# Her indoors/the accountant/the killjoy



## glenn farrar (13 Oct 2014)

Hi guys was just wondering if any of you had any tips on dealing with the better half! I have only just started up so obviously I need stuff, lots of stuff, lots of lovely techy shiny glassy stuff.......but I really get it in the neck if I even mention a new tank or filter or anything really.
Please help!  Any tips greatly received

Glenn


----------



## Bhu (13 Oct 2014)

Ha ha did she find out about the stockings  

First tip never say how much it was just go oh it was cheap...

Second tip it came from a friend... 

Third top act dumb lol 

Ha ha ha they come around eventually lol


----------



## glenn farrar (13 Oct 2014)

Hi Bhu don't even mention the stockings I have just ordered some new stone and already have my eyes on her stockings 
Sadly our joint account rules out the "oh it was really cheap" trick but I am very good at acting dumb

cheers


----------



## Bhu (13 Oct 2014)

Ha Ha ha your in trouble then! You need to create a cash account by selling your stuff for cash, car boots, selling plant cuttings, shrimps on ebay, washing cars ha ha ha so you can just buy it out right then 

Else good luck!


----------



## glenn farrar (13 Oct 2014)

Hmm it's looking bad! Maybe I could sell her car I am sure she won't notice
I think I am going to have to have a rethink!


----------



## Bhu (13 Oct 2014)

Ok new approach! Chocolates, flowers and foot massages... Then I gently drop in the conversation I need.... With your best persuasion voice


----------



## glenn farrar (13 Oct 2014)

Lol that may be the only way actually! I will massage her feet whilst singing some Michael Buble!! That should do it, I will let you know how it goes.


----------



## Bhu (13 Oct 2014)

Ha ha ha worked on mine


----------



## Andy Thurston (13 Oct 2014)

Divorce?


----------



## Bhu (13 Oct 2014)

Ha ha ha big clown now that's extreme lol !


----------



## Dantrasy (13 Oct 2014)

Buy something and leave it in the garage for a week or two. In plain sight. When you bring it into the house she'll think it's been around a while and you're just fetching it.


----------



## glenn farrar (13 Oct 2014)

Now you got me thinking . It could be the only way Big clown! I will gauge her reaction when I tell her about the co2 setup I need and go from there, because I don't think my impression of the Buble is going to cut it


----------



## Julian (13 Oct 2014)

Get stuff delivered to work... mine got suspicious with loads of parcels turning up from ebay, even the post man started to complain!


----------



## glenn farrar (13 Oct 2014)

@Dantrasy I like your style but it's the joint account that gets me every time! She is like Sherlock Holmes when it comes to the finances


----------



## Mick.Dk (13 Oct 2014)

I'd guess your cosmetic expenses are lower than hers...............compensation ??? (Or will she just argue it's a tribute to you ....)


----------



## glenn farrar (13 Oct 2014)

@Julian another good idea if I wasn't self employed and I didn't have the joint account
It's looking like divorce I reckon!

@Mick.Dk I am lucky in the fact my wife doesn't go for make up and all that but......... she spends thousands on the kids so maybe the compensation route might work!!

Or maybe not.


----------



## dw1305 (13 Oct 2014)

Hi all, 





glenn farrar said:


> Sadly our joint account rules out the "oh it was really cheap" trick


 I have the same problem.

cheers Darrel


----------



## glenn farrar (13 Oct 2014)

@dw1305 so how do you do it what's the secret?


----------



## Tim Harrison (13 Oct 2014)

It's easier to ask for forgiveness than permission...


----------



## Mr. Teapot (13 Oct 2014)

Make sure you get any mail order delivered to work - those little pots of 1-2-grow ended up being re-counted as £1 each, a Grobeam tile as £20… works for me every time! Cash at the LFS also.

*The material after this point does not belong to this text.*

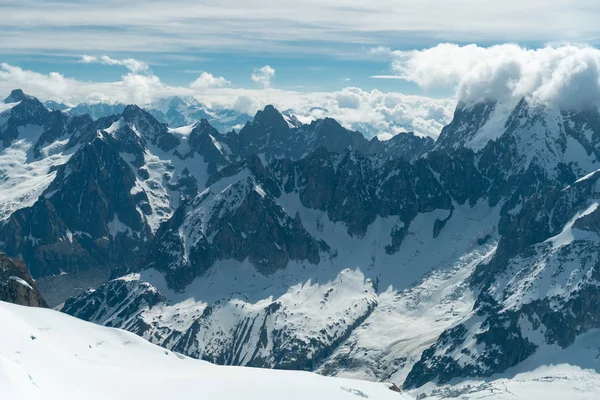 Mont Blanc เขาท ดในเท อกเขาแอลป และส ดในย โรป พาโนรามาของ Aiguille — ภาพถ่ายสต็อก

And if you decide to go with CO2 - never, ever say you are going to have a compressed gas cylinder in the house. Pressurised = Danger, Gas = Danger, Co2 = Certain death by suffocation. Logical or balanced? None of it will matter. I've ended up just hiding a small 600g disposable tank in the cabinet under a cardboard box.


----------



## roadmaster (13 Oct 2014)

Christmas is just around the corner.
Why not ask her what it is she want's for Christmas while hinting later (at least a week),that her continued love and support is all that you need but the CO2 kit would be more than you could ever hope for .
If she balks,, then buy her some granny panties and a set of pot holders.


----------



## kirk (13 Oct 2014)

Sorry guys, mines good as gold and incorages me. I do the same for her interests, we are not here long if you can't do the things you injoy what's the point in being together. If I want to be a sofa bear one days I'm a sofa bear, she will be out kayaking, cycling. I never have understood this trouser wearing scenario.......we have a leg each.  I don't go out to the pub those things don't interest me. I'd rather stay home and play with my aquatic bits.


----------



## glenn farrar (13 Oct 2014)

@Mr. Teapot I think not even mentioning pressurised tanks is a wise move as I am certain she will indeed believe that certain death will entail and probably involving one of the kids!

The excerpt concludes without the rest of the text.